Но с ним, судя по сохранившимся в архивах материалам дела, вообще стран­ная история приключилась. Н. О. Баклунд, слушатель Се­веро-Западного управления водного транспорта (уже про­фессия вызывает некоторое удивление, но так записано следователем в 1921 г.), по делу допрошен не был. Нет ни­каких данных ни о его аресте, ни о его жизни до момента приведения приговора в исполнение. А приговорен он был и расстрелян, судя по хранившемуся в деле Постановле­нию Президиума ПЧК, 3 октября 1921 г. Где — неизвестно. А вот за что — сказано. «За передачу сведений о состоянии Шлиссельбургского порохового завода своему брату Ялмару Баклунду — руководителю белогвардейской организа­ции в Финляндии».

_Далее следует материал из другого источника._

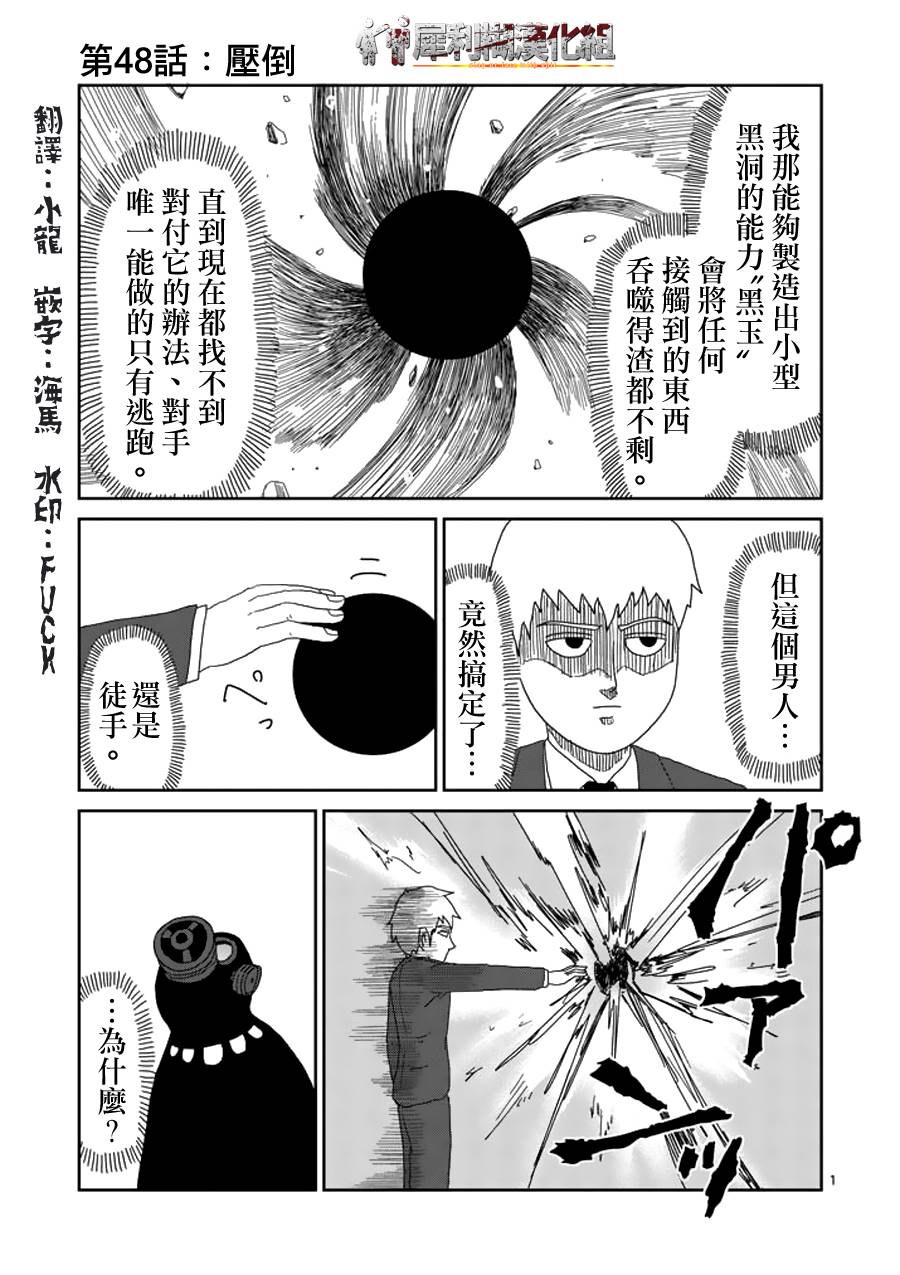 《灵能百分百》漫画最新章节第48话 压倒免费下拉式在线观看章节第【1】张图片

Другим «крупным разведчиком» из «финской группы» был, конечно же,

Константин Васильевич Гримм

, 1891 г. р., скромный служащий

МУЗО г. Петрограда. Данных об его аресте в деле нет.

Но есть прелюбопытный документ, детективная основа которого, надеемся, разбудит фантазию читателей.

Шестого сентября 1921-го г. заместитель Уполномочен­ного Германского правительства в Москве, руководитель Центрального бюро по делам пленных господин Шотте об­ратился с запросом в Отдел стран Запада Народного ко­миссариата иностранных дел. Г-на Шотте интересовало, за что арестован 5 сентября 1921 г. в Петрограде германс­кий подданный Константин Гримм. Г-н Шотте с большой печалью описал, как, опираясь на «п. 6 Русско-Германско­го договора от 6.05.21 г.», он «отправился выяснять обстоя­тельства дела на квартиру гр-на Гримма № 13, в доме № 102 по проспекту имени 25 Октября, где и был задержан со­трудником ПЧК».

Там германский дипломат предъявил напечатанные в его «карточке» выписки из приказа № 1169 от 21.09.20 г. ВЧК, после чего сотрудник ЧК отвел его на Гороховую 2, где ему были возвращены документы и даны разъяснения.